The defendant was arraigned and pleaded not guilty to this last charge. A trial was then had before the police justice and a jury, the defendant was convicted, and the verdict fixed her fine at $35. The next day the defendant gave notice of appeal to the superior court, and the justice fixed her bond in the sum of $100.

Section 11 of the ordinance under which the prosecution was had provides as follows:

*22“It shall be unlawful for any female person to be a common prostitute or to habitually practice prostitution and have indiscriminate sexual intercourse with men for hire, and to be commonly known and reputed to be á common prostitute.”

The next section provides a penalty of either fine or imprisonment or both.

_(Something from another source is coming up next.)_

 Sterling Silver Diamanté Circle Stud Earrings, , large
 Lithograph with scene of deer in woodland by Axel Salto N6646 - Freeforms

The case on appeal to the superior court was set down for trial on the 16th day of September, 1914. When the case was called, the defendant not being present, counsel for the state moved the court to forfeit the bail. Counsel for the defendant objected to a forfeiture of the bail. The court at that time made no order thereon. Counsel then moved that the action be dismissed for the reasons that the court had no jurisdiction, that the information did not conform to the requirements of the law, and that the allegations of the information were insufficient to constitute a crime or a misdemeanor under the ordinances. The court sustained this motion, or demurrer, and stated that the prosecution was not authorized to file an amended or a new information, and dismissed the action. The state has appealed from that order.

It is argued, first, that the court erred in refusing to forfeit the bail because the defendant was not present, and because she was a fugitive from justice. If the court was right in holding that the information was insufficient under the ordinances and under the laws of the state, it is plain that it was right in refusing to forfeit the bail; for, where a bail bond is given upon a criminal charge and the information is insufficient, or if the defendant is acquitted, bail cannot be forfeited, and if forfeited, such forfeiture will be set aside, and the defendant will be entitled to a return of the bail. State ex rel. Gabe v. Main, 66 Wash. 381, 119 Pac. 844.

The principal question in the case is whether the information was sufficient, and if not, was the state authorized to file a new information. As stated above, the information charges *23that the defendant was “wilfully and unlawfully a common prostitute.” No facts were charged. The statute requires, Rem. & Bal. Code, § 2057 (P. C. 135 § 1019), that,

“The indictment or information must be direct and certain, as it regards: (1) The party charged; (2) the crime charged; and (3) the particular circumstances of the crime charged, when they are necessary to constitute a complete crime.”

This court in State v. Ackles, 8 Wash. 462, 36 Pac. 597, said, at page 464:

“The accused, in criminal prosecutions, has a constitutional right to be apprised of the nature and cause of the accusation against him. Const., art. 1, § 22. And this can only be made known by setting forth in the indictment or information every fact constituting an element of the offense charged. This doctrine is elementary and of universal application, and is founded on the plainest principles of justice.”

And in State v. See, 4 Wash. 344, 30 Pac. 327, 746, it was held that an indictment for perjury is defective which does not describe the proceedings at which the alleged perjury was committed.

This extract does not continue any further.